聖書を読む

 ツイッターでつぶやいたら、いつものように@ybunya先生が引っかかって下さり、すこし話が進んだ。だけど、140字では短すぎるし、ことばがたりないので、blogで書きます。

まず、

釈義をしていて思うのは、十分に考察することの必要性と共に、最後には「えいや」と決断する必要性。もちろん、間違った決断をしている可能性はいつもあるわけだが、色々と読んだり、考えたりしていると、結局「決められない」となってしまう。それよりは、「これだ」と決めて、批判されることも大切。ということは、聖書の釈義なんかでも、「決定的な答えはない」可能性をいつも心に留めることだろう。もちろん、その時の自分の持っている情報と能力で最大限の努力は必要だが、「完璧」とか「決定版」なんていうのは無茶なわけだ。

と呟いたら、@ybunya先生が

その通り。その最後の「えいや」を決定するものは解釈者の人間理解であり、人生経験である。そこで普通は「信仰」が出てくると思われるが、むしろ「信仰」は妨げになる。

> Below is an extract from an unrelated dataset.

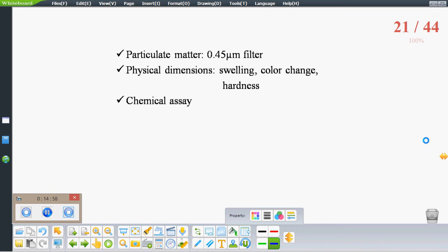Physical dimensions of the treated closures are compared with untreated closures, evaluating swelling, weight change, and hardness. Chemical assay is also performed for active ingredients and preservatives from the solution.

信仰は全プロセスを支える原動力である。と私は思う。RT @nkamano: 最後には「えいや」と決断する必要性。

と来たので、

聖書があくまで宗教的文書である限り、より適切な読みは文書の書き手(広い意味で)に近い宗教理解(神理解)に立ったものであると思う。もちろん、無神論の学者の理解が間違っているとは思わないが。そして、その理解が「信仰」なるものだと考えている。書き手たちと同じ世界に生きているという自覚とでもいうのだろうか。「プロセスを支える原動力」とまでは言えないかな。多くのキリスト者が薄っぺらい人間理解に立った「信仰」で聖書を読んでいることには同意するから、先生の表現に反対じゃないんだけど。そうなると、信仰に支えられた深い人間理解、聖書の記者たちが戦いつつ受け取っていった人間理解なんだろうか。またわからなくなってくる!

とお返しをした。すると、@ybunya先生は

問題は「宗教的文書である」という前提にあります。私たちの手には宗教的文書として手渡されていますし宗教的共同体内部の文書であることは違いありませんが、OTの歴史書やNTの書簡など必ずしも「宗教的文書」ではないでしょう。だから理性的に読める文書です。

と来られた訳である。
 で、ここで、文屋先生のポイントを理解した上で、私のポイントを書いておきたい。
 文屋先生のポイントは、聖書に含まれている文書すべてが「宗教的文書」と呼べるわけではない。「宗教的文書」という前提を取り除いて読むことが可能だ、と点。それゆえに、理性的に読める。変に「信仰」などの観点を入れ込むべきではなく、人間理解や経験を活用して読み、理解していけばいい。
 私は、聖書を読む段において、文屋先生の考えに全く問題を感じてはいない。聖書はある特定の社会的、歴史的、文化的、宗教的背景の中から生まれてきた文書集である。その文脈を理性的に理解し、そして読むことができれば、それでいい。いや、変に「信仰的」に読むよりも、文書の背景を理性的に捉えた読者の方が、たぶん、適切にその文書を読みこなすと思う。現代の聖書学の進歩は、このような「理性的」な読者の努力に依ってきた。たとえば、雅歌を考えてほしい。信仰的に読むという信仰共同体の伝統に反して、理性的に読むことにより、そのラブソングとしての特徴が表されてきている。
 そのような読み方がある、ということを受け入れた上で、もう一歩先(すこし前?)疑問が私にはある。聖書の文書群は、あるものは非常に宗教的な文脈から(預言書など)、あるものはそうでない文脈から生まれてきた来たもの(雅歌などは可能性として)がある。しかし、それらがあくまでも「宗教的文書」としてまとめられ、「宗教的文書」として読まれ、伝統として私たちに受け渡されてきた。つまり、聖書は宗教的文書という特徴をもったプレゼントである。そのようなプレゼントを引き継いだキリスト者である私たちはどうあるべきか、が教会という共同体に所属する私の疑問である。理性的な読みをしっかりとしつつも、プレゼントとしてわれらにこのテキストを与えた人々に対する義理を果たすのは、彼らの「信仰」なるものを知り、理解し、経験し、生きることではないか。そうすると、理性的に、人間理解や経験にとどまらない、なんらかの「宗教的なもの」が聖書を読む時に求められているように感じる。だから、宗教的文書である聖書を読む共同体のメンバーは、聖書を読む時、理性的でありつつも、「信仰的」であることが求められていると考えている。
 なお、旧約の歴史書も新約の書簡も、その歴史的な文脈のなかであっても「宗教的文書」であると思う。それは、これらの文書が超越的な存在(「神」)の摂理の中にあるという大前提で書かれたからである。逆に言うと、古代の文書の多くは、「宗教的文書」であったと個人的には考えている。